## EXERCISE REQUIREMENTS:
Without any images, output the records below verbatim.

Image-text web data:
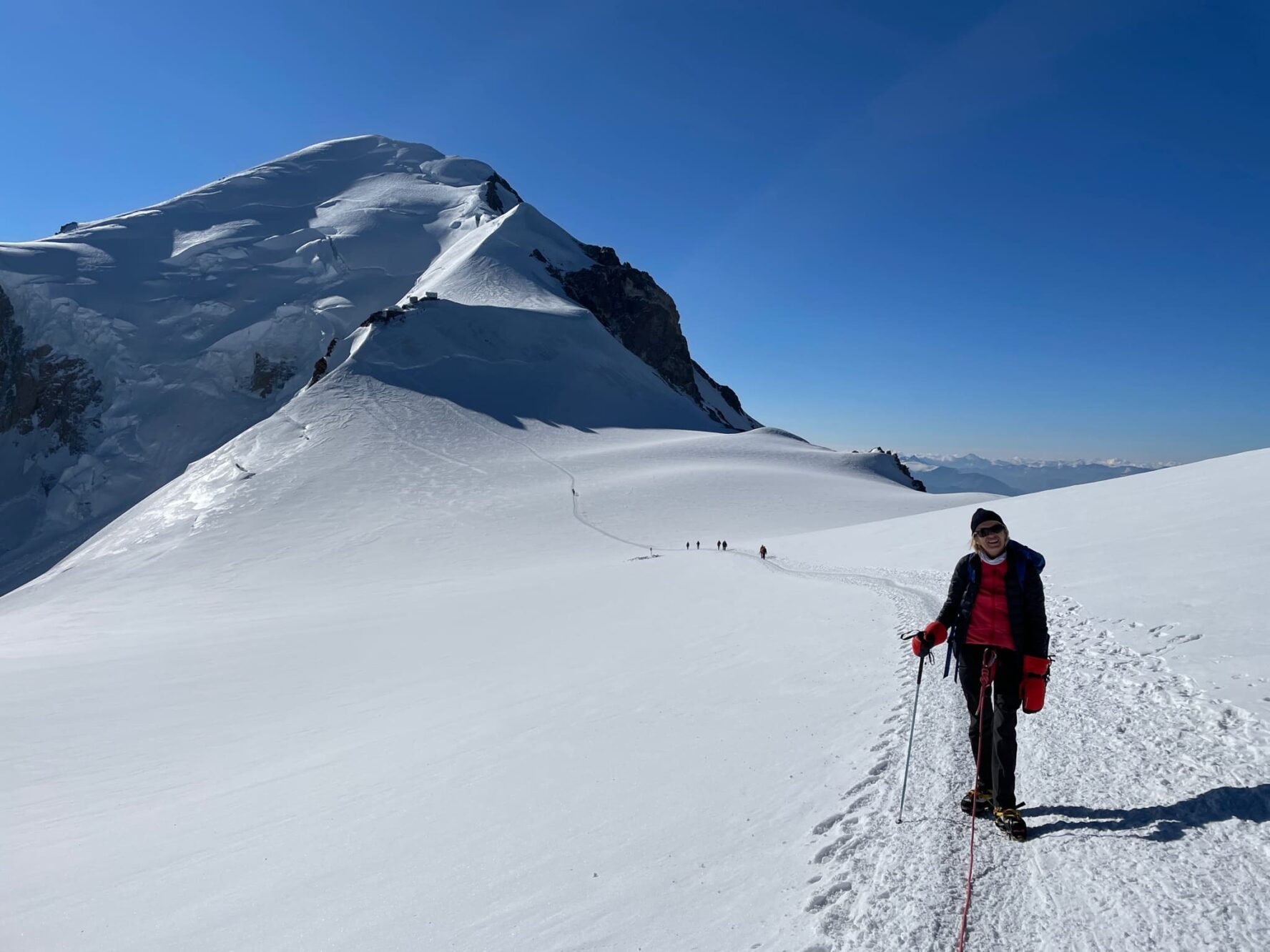 Happy climber in Mont Blanc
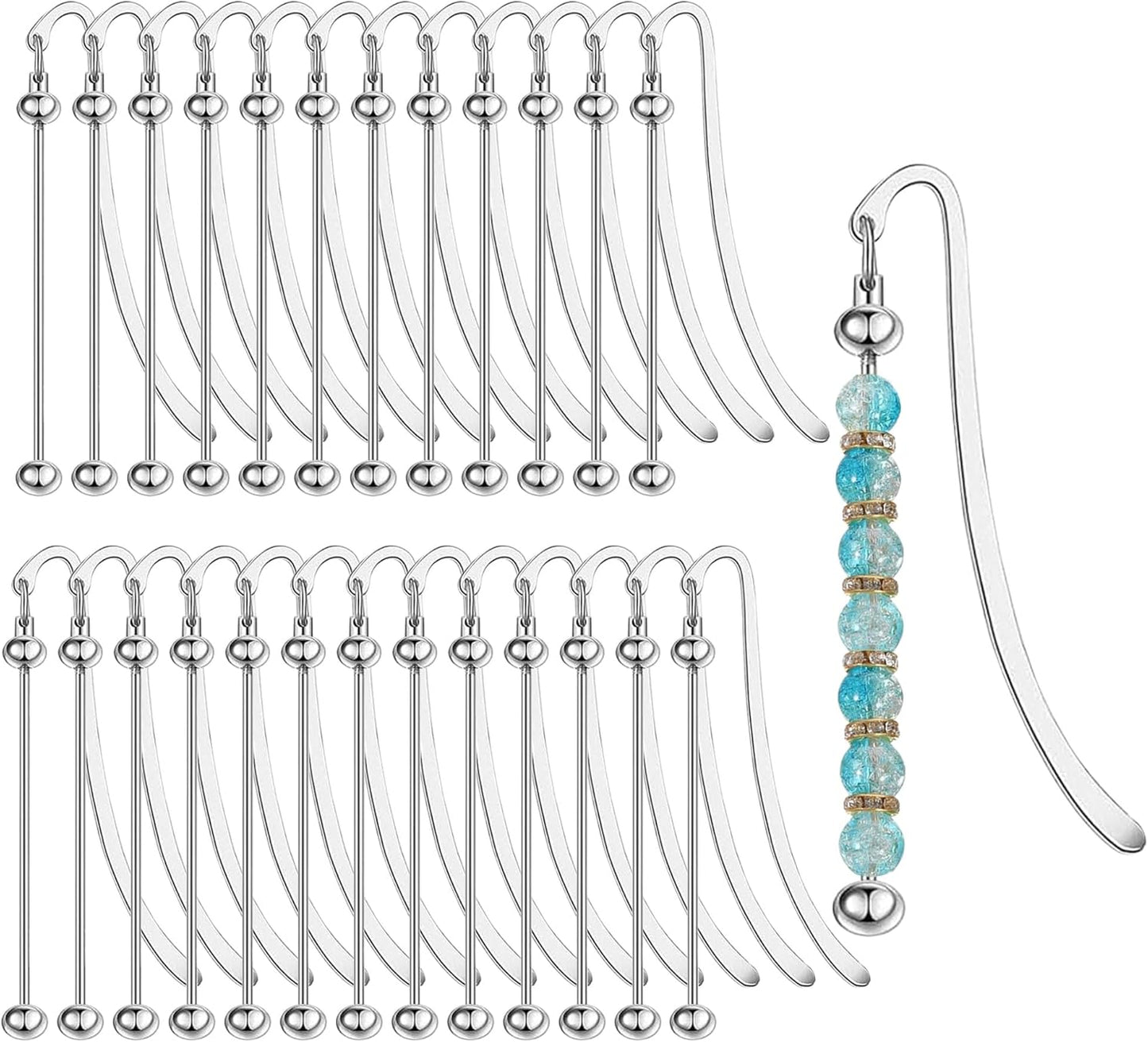25PCS Beadable Bookmarks DIY Metal Blank Beaded Bookmark Beadable Items Modern Beaded Craft Jewelry Pendant Charm Gift Perfect for Book Lovers Students Teachers and Office Supplies
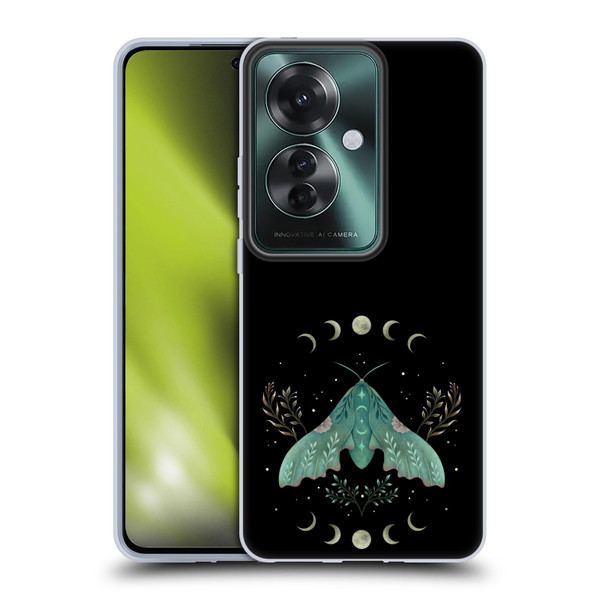Episodic Drawing Illustration Animals Moon & Moth Soft Gel Case for OPPO Reno11 F 5G / F25 Pro 5G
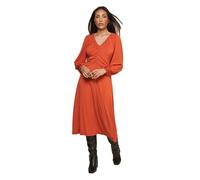 Wallis Women's Petite Gathered Front Jersey Dress in Rust | Size: 8 Wallis Rust 8
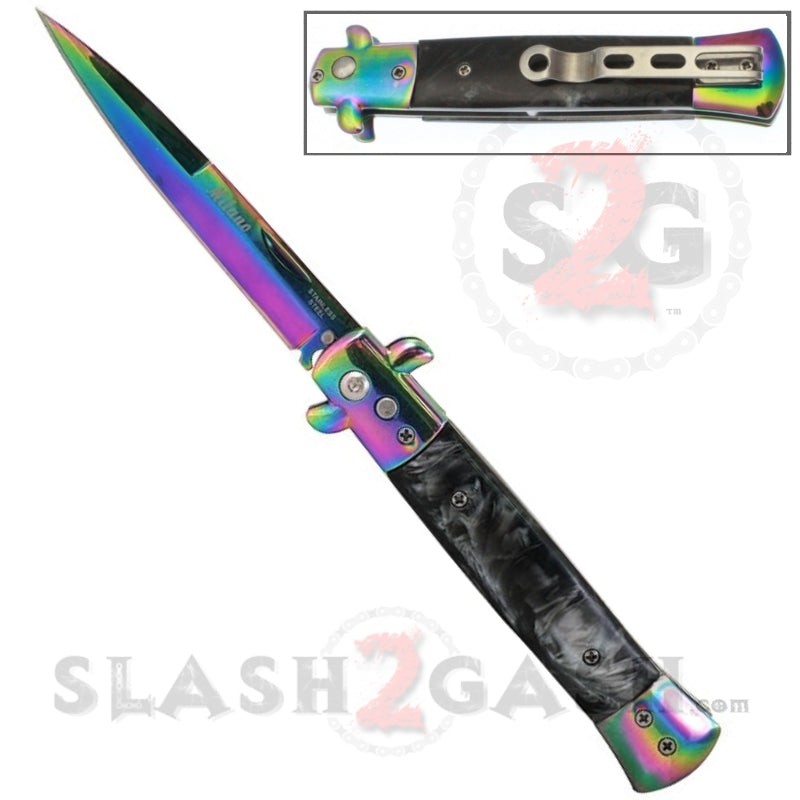 Diablo Stiletto Automatic Knife Milano Switchblade - Rainbow Marble Black Knife-Auto - Tophatter Daily Deals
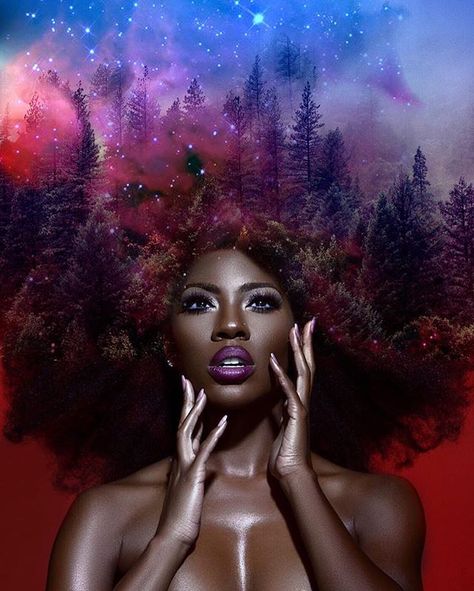 Pin for Later: This Mystical Photo Series Is Proof That Natural Hair Is Magical Natural Hair Art, Foto Art, Afro Art, Photo Series, African American Art, Black Women Art, Hair Art, Double Exposure, Afro Hairstyles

## RESULT OF THIS TASK:
 Happy climber in Mont Blanc
25PCS Beadable Bookmarks DIY Metal Blank Beaded Bookmark Beadable Items Modern Beaded Craft Jewelry Pendant Charm Gift Perfect for Book Lovers Students Teachers and Office Supplies
Episodic Drawing Illustration Animals Moon & Moth Soft Gel Case for OPPO Reno11 F 5G / F25 Pro 5G
 Wallis Women's Petite Gathered Front Jersey Dress in Rust | Size: 8 Wallis Rust 8
 Diablo Stiletto Automatic Knife Milano Switchblade - Rainbow Marble Black Knife-Auto - Tophatter Daily Deals
 Pin for Later: This Mystical Photo Series Is Proof That Natural Hair Is Magical Natural Hair Art, Foto Art, Afro Art, Photo Series, African American Art, Black Women Art, Hair Art, Double Exposure, Afro Hairstyles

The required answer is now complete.